MICHELLE C. ATKINSON: Thank you, Admiral. Good afternoon, everyone. Today I will brief you on the Missile Defense Agency's fiscal year '24 budget request. Next chart, please.
In 2004, the United States activated the Ballistic Missile Defense System to defend the U.S. homeland against limited ballistic missile attack from nations such as North Korea and Iran. Since then, missile threats have increased in numbers and complexity and are becoming more reliable, survivable, reliable, and accurate and can achieve longer ranges. New ballistic missiles systems also feature multiple and maneuverable reentry vehicles along with decoys and jamming devices.
North Korea is developing long range ballistic missile systems that can reach the United States and our allies in the Indo-Pacific region. North Korea has also tested shorter range missiles that maneuver within the atmosphere. Iran continues to develop more sophisticated missiles with improved accuracy, range and lethality, and is fielding an array of increasingly accurate short and medium range ballistic missile systems capable of threatening deployed U.S. forces, allies and partners in the Middle East.
North Korea and Iran remain persistent threats, but today the national defense strategy views China as the pacing challenge and Russia as an acute threat to U.S. national security interests.
Russia and the PRC are developing advanced missiles that can be launched from aircraft, ground launchers, ships and submarines, including hypersonic missile capabilities. Hypersonic missiles pose a new challenge to our missile defense systems. These threats can travel at exceptional speeds and have unpredictable flight paths that make them difficult to track.
The development and deployment of missile defense systems to counter these threats presents unique but surmountable challenges, which require further development and technology investments.
As I will highlight today, the Missile Defense Agency's F.Y. '24 budget request includes key investments to innovate and modernize our nation's missile defenses to address these challenges. Next chart, please.
The Missile Defense Agency mission is to develop and deploy a layered missile defense system to defend the United States, its deployed forces, allies and friends from missile attacks in all phases of flight. This mission remains unchanged as we continue to balance investments to defend the homeland and provide regional missile defenses to our war fighters. Next chart, please.
This slide depicts our missile defense system deployed today to address the current missile threat. Our systems must provide missile defense for our homeland, deployed forces, allies and friends in regional areas and for our deployed assets, such as ships.
Our integrated missile defense system is comprised of a robust sensor network that detects, tracks, and controls missile threats from both ground and space. Our war fighter systems and weapons then engage and negate those missile threats. The GMD system deployed our ground-based interceptors from Alaska and California. We also have interceptors deployed on Aegis ships at our Aegis ashore sits in Romania and soon Poland. And we have that and Patriot batteries deployed worldwide.

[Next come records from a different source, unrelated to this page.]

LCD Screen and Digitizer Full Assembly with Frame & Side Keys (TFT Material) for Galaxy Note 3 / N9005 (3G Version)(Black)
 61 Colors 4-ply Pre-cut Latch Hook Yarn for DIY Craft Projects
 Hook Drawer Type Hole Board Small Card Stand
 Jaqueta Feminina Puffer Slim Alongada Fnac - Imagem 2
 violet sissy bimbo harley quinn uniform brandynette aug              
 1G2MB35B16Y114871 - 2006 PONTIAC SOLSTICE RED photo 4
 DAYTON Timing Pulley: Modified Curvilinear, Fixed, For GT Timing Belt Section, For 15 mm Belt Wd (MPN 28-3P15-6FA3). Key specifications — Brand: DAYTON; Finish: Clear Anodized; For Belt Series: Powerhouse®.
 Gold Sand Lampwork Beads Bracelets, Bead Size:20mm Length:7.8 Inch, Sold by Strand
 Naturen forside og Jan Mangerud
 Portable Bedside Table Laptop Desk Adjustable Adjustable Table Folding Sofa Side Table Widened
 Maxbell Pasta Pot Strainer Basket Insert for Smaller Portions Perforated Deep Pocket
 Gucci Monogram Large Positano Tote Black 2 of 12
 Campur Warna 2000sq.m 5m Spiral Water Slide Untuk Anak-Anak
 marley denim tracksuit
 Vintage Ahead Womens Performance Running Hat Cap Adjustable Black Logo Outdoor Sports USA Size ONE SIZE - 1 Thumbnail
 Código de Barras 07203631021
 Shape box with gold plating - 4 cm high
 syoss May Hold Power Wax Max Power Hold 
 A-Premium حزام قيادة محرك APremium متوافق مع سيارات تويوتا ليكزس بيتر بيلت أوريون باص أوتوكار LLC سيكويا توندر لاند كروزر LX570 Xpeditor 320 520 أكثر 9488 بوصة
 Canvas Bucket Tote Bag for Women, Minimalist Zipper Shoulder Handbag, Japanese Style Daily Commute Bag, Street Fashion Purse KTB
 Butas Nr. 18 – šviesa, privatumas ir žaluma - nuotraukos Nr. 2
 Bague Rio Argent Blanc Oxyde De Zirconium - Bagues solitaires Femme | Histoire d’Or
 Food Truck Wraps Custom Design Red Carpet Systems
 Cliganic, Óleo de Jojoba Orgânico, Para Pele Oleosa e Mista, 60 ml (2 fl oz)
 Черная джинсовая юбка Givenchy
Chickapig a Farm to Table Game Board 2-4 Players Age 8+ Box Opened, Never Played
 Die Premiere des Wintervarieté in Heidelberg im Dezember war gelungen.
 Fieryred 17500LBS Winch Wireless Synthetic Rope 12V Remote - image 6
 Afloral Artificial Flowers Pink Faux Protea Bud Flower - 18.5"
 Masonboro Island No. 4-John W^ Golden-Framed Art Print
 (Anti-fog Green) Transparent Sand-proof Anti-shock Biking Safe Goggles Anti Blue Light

All of these assets are linked together by our Command and Control Battle Management and Communications or C2BMC system. The F.Y. '24 budget request continues to sustain this existing system and develop new technologies such as the next generation interceptor and regional hypersonic defense capabilities to counter the evolving threats. Next chart, please.
Our total F.Y. '24 budget request of $10.9 billion strengthens and expands the deployment of our missile defenses against increasingly-capable missile threats. Of our request, 80 percent is for research and development efforts. This budget reflects the best balance of resources to meet our many priorities and our mission. Next chart, please.
This slide shows the historical MDA budget and the PB '24 budget request. The upper right shows the balance between homeland and regional defense influenced by and aligned with the evolving threat, war fighter requirements, defense strategy and priorities. Next chart, please.
The next few charts will go over the details of our '24 request, but first here are a few highlights. Our F.Y. '24 request maintains the operations and readiness of deployed missile defense systems to include our sensor network, homeland and regional interceptors, and C2BMC system. It also continues to upgrade these existing systems. Later this year, we will launch to prototype hypersonic and ballistic tracking space sensors, and in F.Y. '24 we will begin on-orbit demonstrations and testing.
We also continue to sustain and upgrade the Ground-based Midcourse Defense, or GMD system, and continue service life extensions of the Ground-Based Interceptors currently deployed in Alaska and California in order to increase system reliability prior to the fielding of next generation interceptor.
The request continues to fund the development of two next-generation interceptor designs through the critical design review. In F.Y. '24 we will continue the development required to field the NGI capability no later than the F.Y. '28 timeframe.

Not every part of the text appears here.